Your copy should start at the line with "Graptoveria Opalina Pianta Fiorita" and end at the line with "Image showing rime on raspberry leafs" in the data below. Transcribe only those lines, exactly, pictures excluded.

DATA EXTRACTS:
---
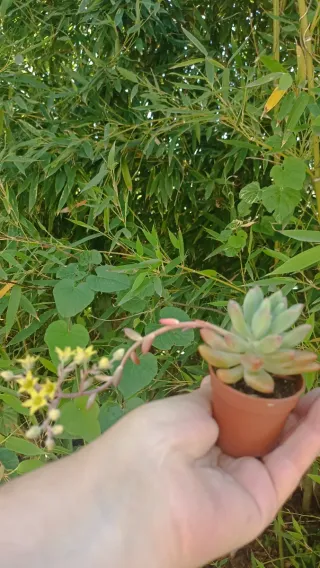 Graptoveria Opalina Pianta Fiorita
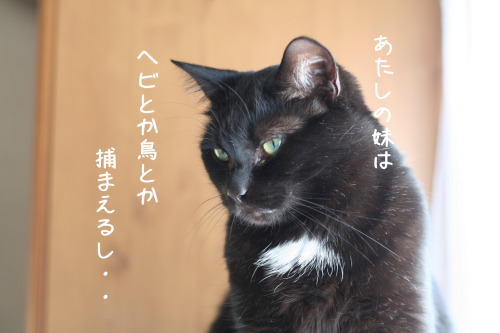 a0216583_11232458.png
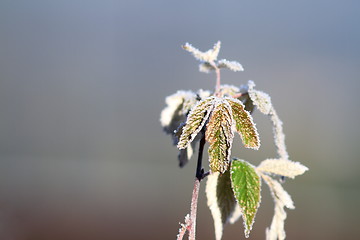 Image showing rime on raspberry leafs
---
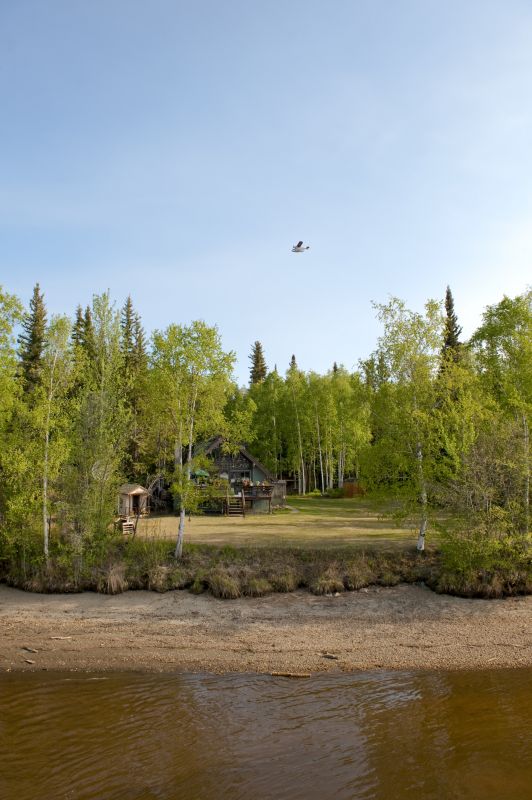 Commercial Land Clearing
---
SOLUTION BELOW:
 Graptoveria Opalina Pianta Fiorita
 a0216583_11232458.png
 Image showing rime on raspberry leafs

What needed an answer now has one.